=== SUPPLIED DATA ===
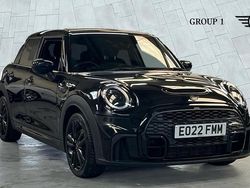Black Used 2022 Mini Cooper S Hatch Hatchback | £22,000 (Fair price)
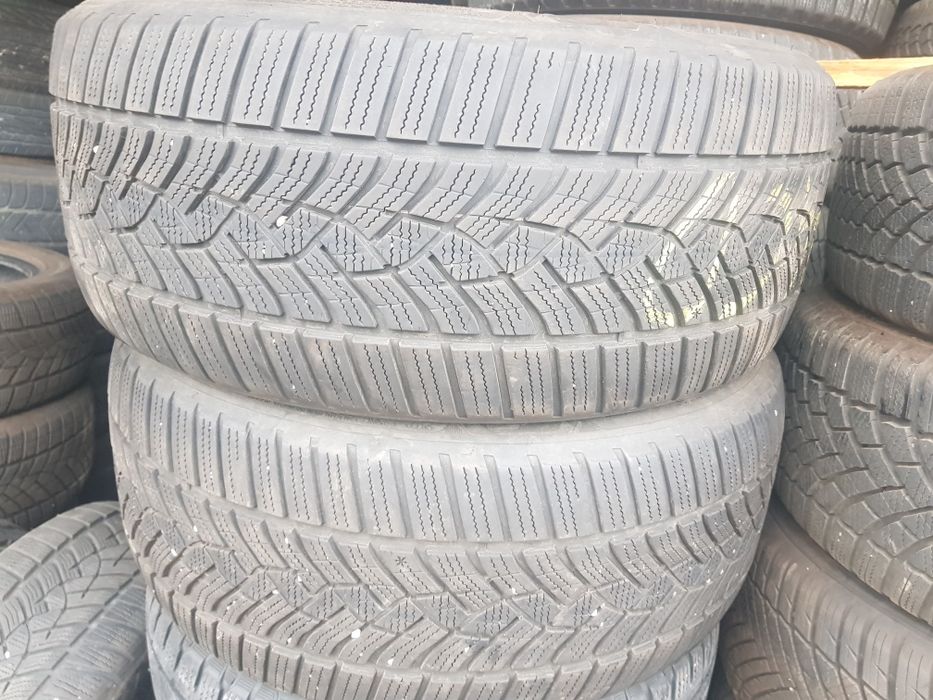 2 buc anv.iarna 245/40r19 goodyear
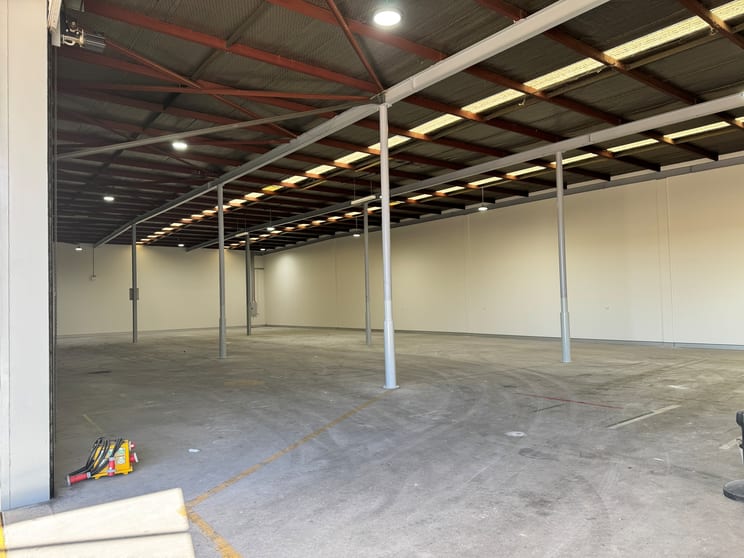 Click to view all images 187 Gladstone Street Fyshwick ACT 2609 - Image 2
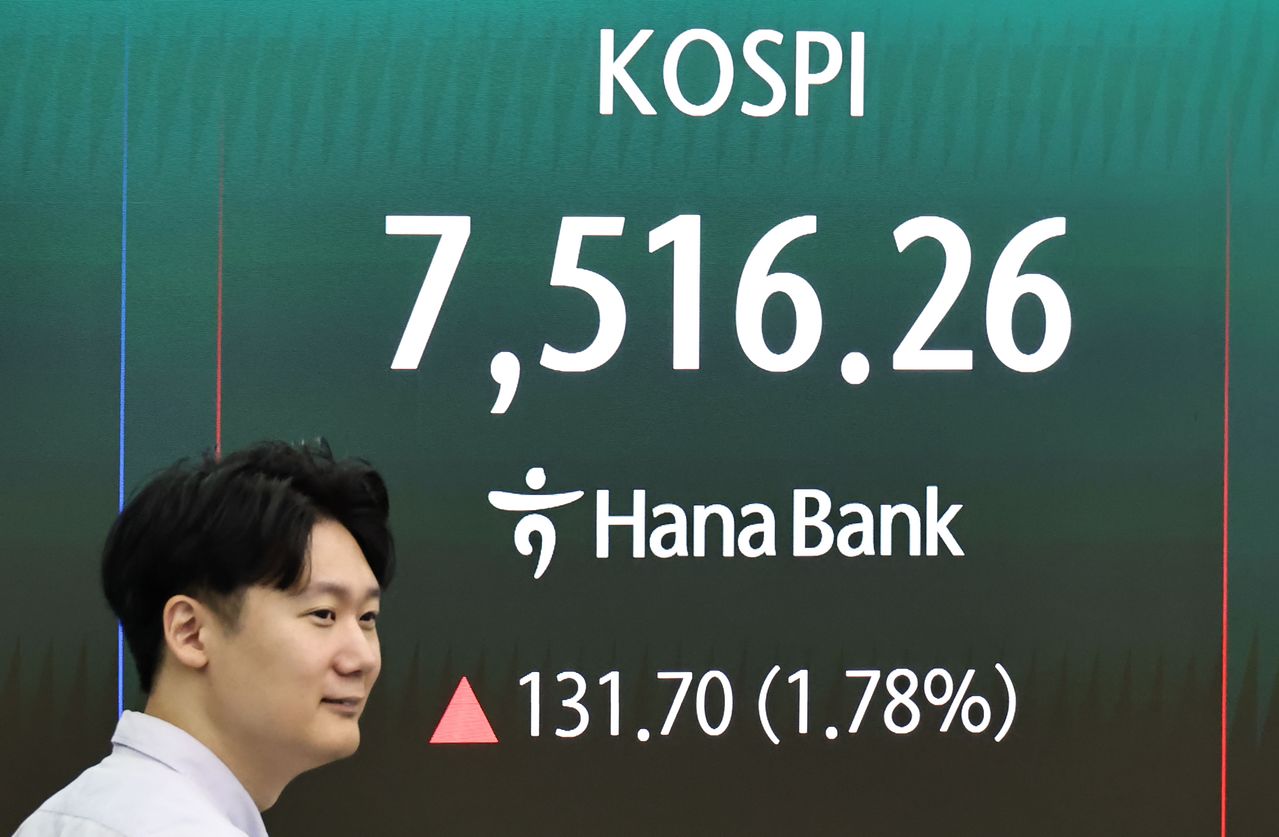7일 서울 중구 하나은행 딜링룸 현황판에 코스피가 표시되고 있다.   연합뉴스 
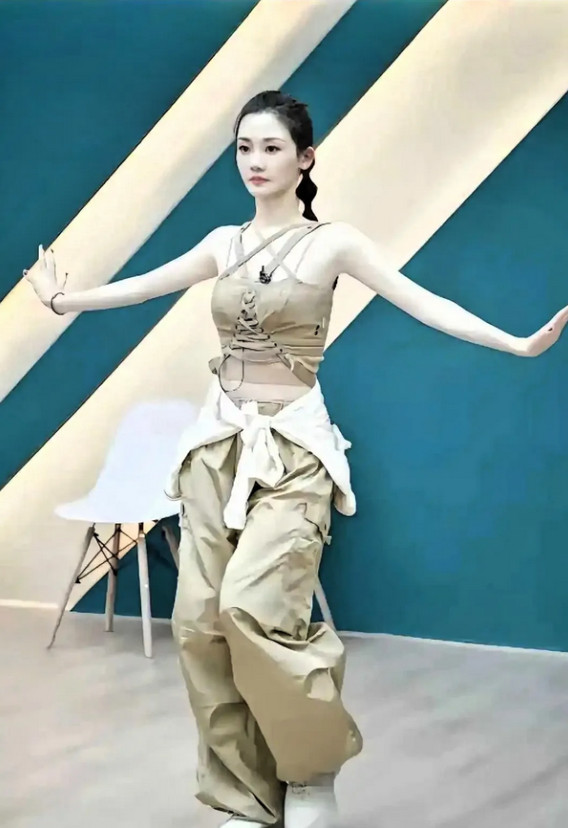 郑恺曾说，认识苗苗时第一眼就觉得她很嫩，于是才展开追求。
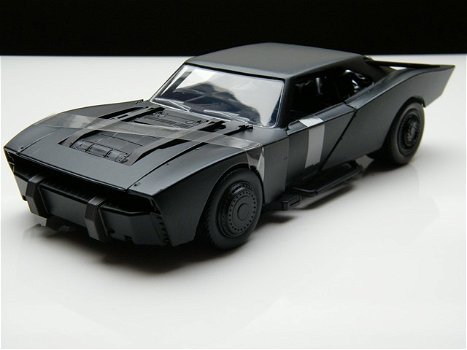 schaal model auto Batmobile + Batman Figuur Jada Toys 1:24 filmauto en moviecar - 2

=== TASK DETAILS ===
Images are to be skipped, and each line above is to be returned exactly.

=== SOLVED PROBLEM ===
Black Used 2022 Mini Cooper S Hatch Hatchback | £22,000 (Fair price)
 2 buc anv.iarna 245/40r19 goodyear
 Click to view all images 187 Gladstone Street Fyshwick ACT 2609 - Image 2
7일 서울 중구 하나은행 딜링룸 현황판에 코스피가 표시되고 있다.   연합뉴스 
 郑恺曾说，认识苗苗时第一眼就觉得她很嫩，于是才展开追求。
 schaal model auto Batmobile + Batman Figuur Jada Toys 1:24 filmauto en moviecar - 2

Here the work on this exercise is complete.